Editor’s note: The Front Page is a biweekly newsletter from The Objective, a publication that offers reporting, first-person commentary, and reported essays on how journalism has misrepresented or excluded specific communities in coverage, as well as how newsrooms have treated staff from those communities. We happily share each issue with Nieman Lab readers.
It’s Friday, December 18th.
This time on The Front Page: The media reckoning that came and went, The New York Post works to destroy trust in journalism, and a shitty media man in Pittsburgh.
This issue is by Holly Piepenburg and Gabe Schneider with a Q&A by Janelle Salanga and editing by Curtis Yee.
Juwan J. Holmes spent months trying to find where the “media reckoning” went.
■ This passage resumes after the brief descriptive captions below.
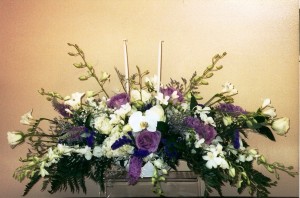 PHILIONOPSIS AND PURPLE ROSE CENTERPIECE  FOR THE HEAD TABLE
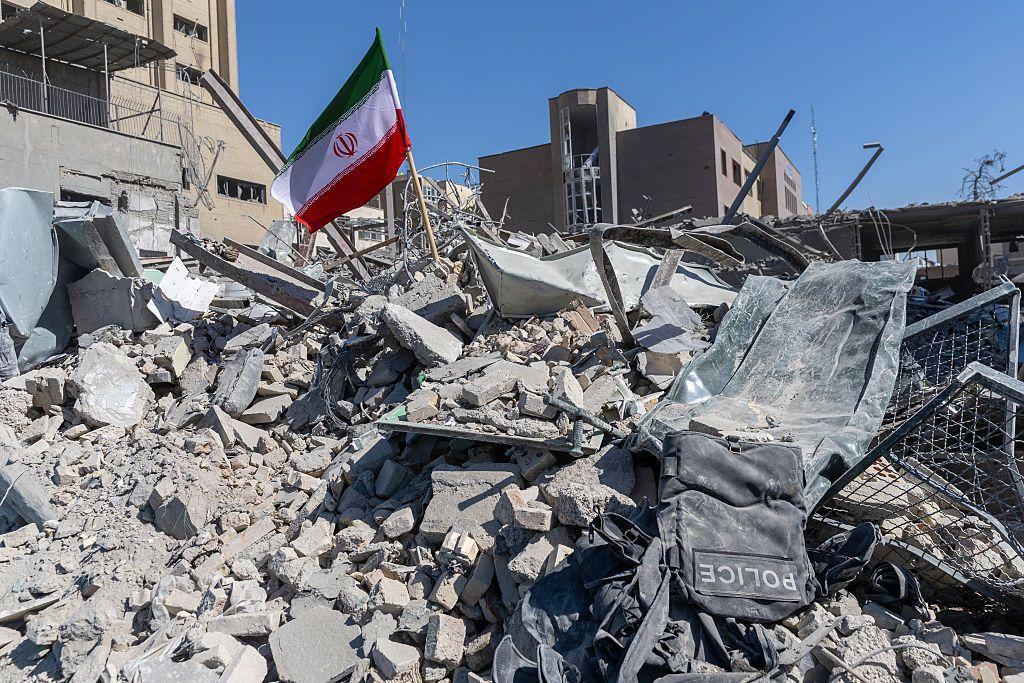 Una bandera iraní ondea entre los escombros de una comisaría de policía, dañada en los ataques aéreos de ayer, el 3 de marzo de 2026 en Teherán.
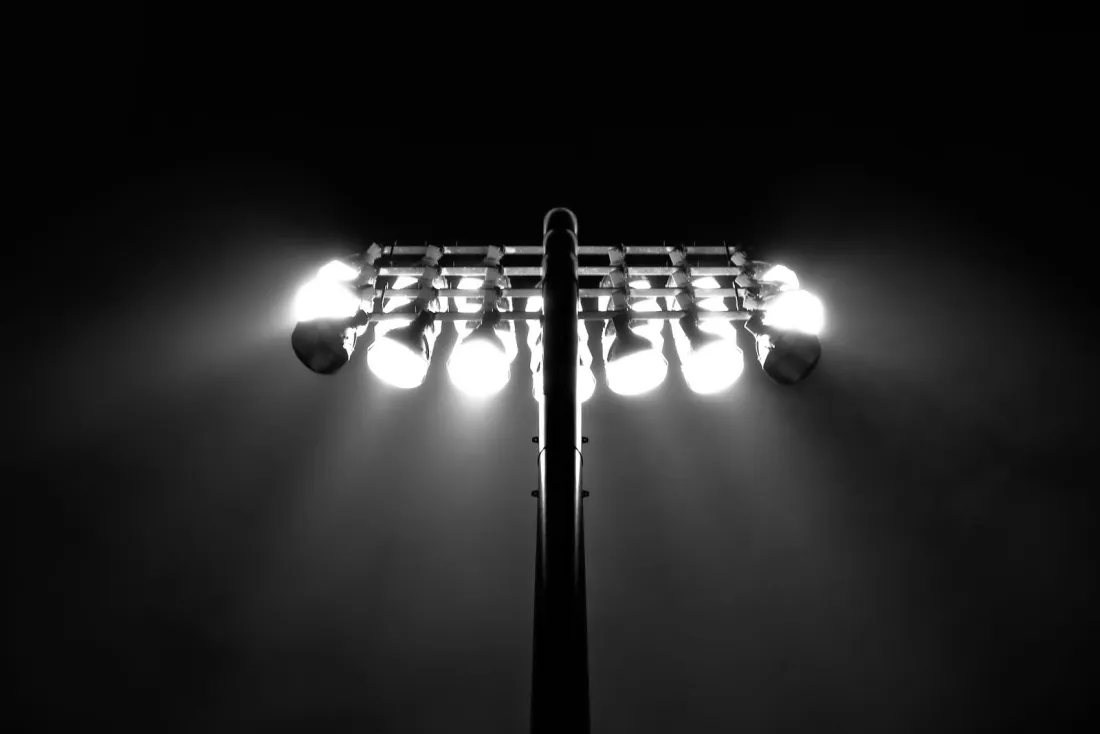 Stadium floodlights glowing against a night sky, illustrating the legal fight over sports event contracts on prediction markets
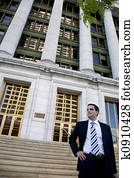 Young Attorney in Front of Courthouse Young Attorney in Front of Courthouse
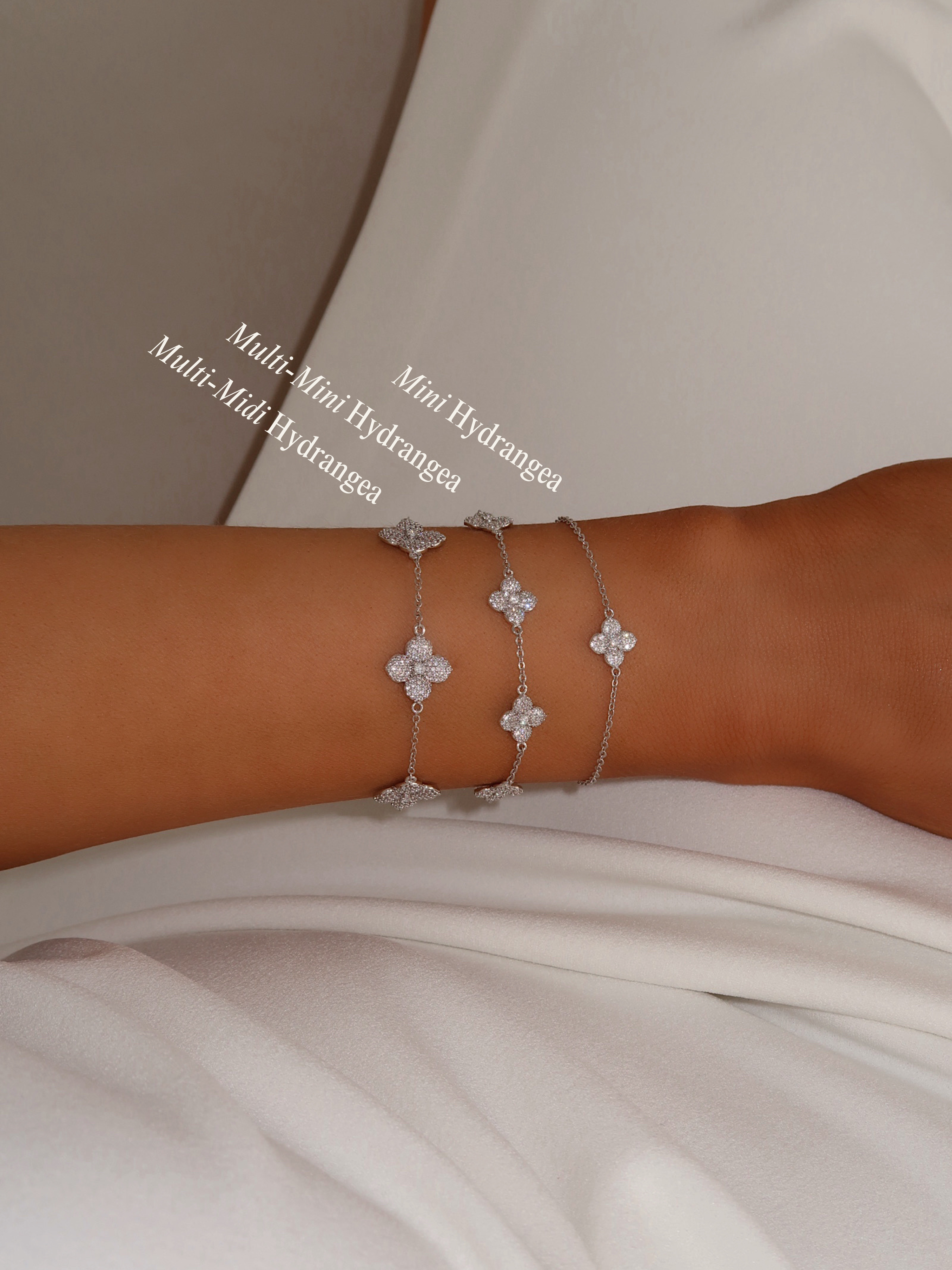 White Gold Hydrangea bracelet stack showing multi-mini, mini and multi-midi styles on wrist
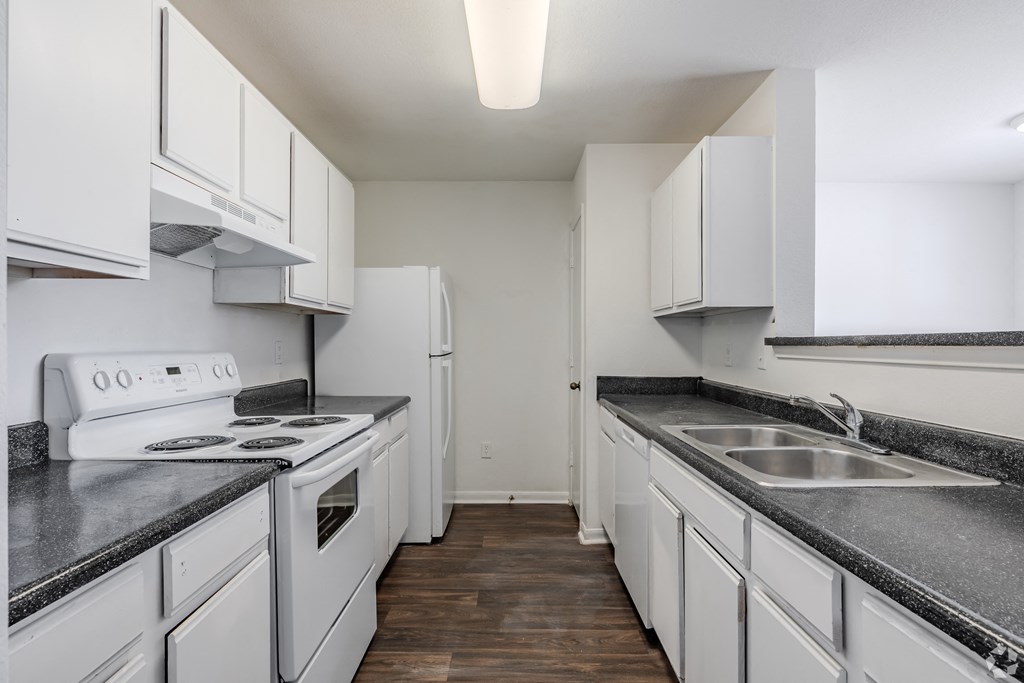 a kitchen with white cabinets and white appliances and granite counter tops at Greens at Stonecreek, Lithonia, 30038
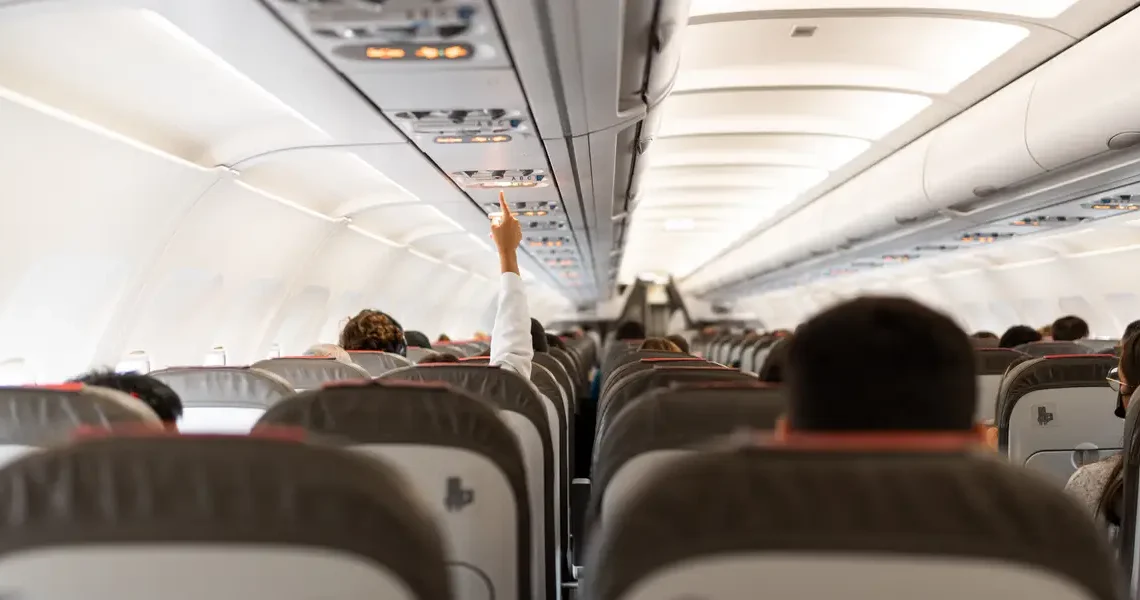 4 mistakes to stop making on a plane, according to an etiquette coach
He had no such luck.
Instead, in talking to journalists and writers, many of them Black women, Holmes found many companies and power structures that are still very much the same. The only difference seems to be the willingness of these journalists to speak out against their former employers, potentially to the detriment of their own careers.
“I’m not worried about any type of repercussions because I haven’t done anything wrong,” Imani Bashir, formerly of Lifehacker, told Holmes. “They deserve to be outed for what they have done, not only to me, but a queer employee, and the many women that filed lawsuits against the CEO.”
Bashir, a Black, Muslim, queer woman, was residing in Mexico at the time with her husband and taking care of her three-year-old son when she was unceremoniously fired from the G/O media outlet with virtually no notice.
Holmes extensively looked at what happened to Bashir, and writers like her, in the months following this summer’s “media reckoning.”
You can read more here.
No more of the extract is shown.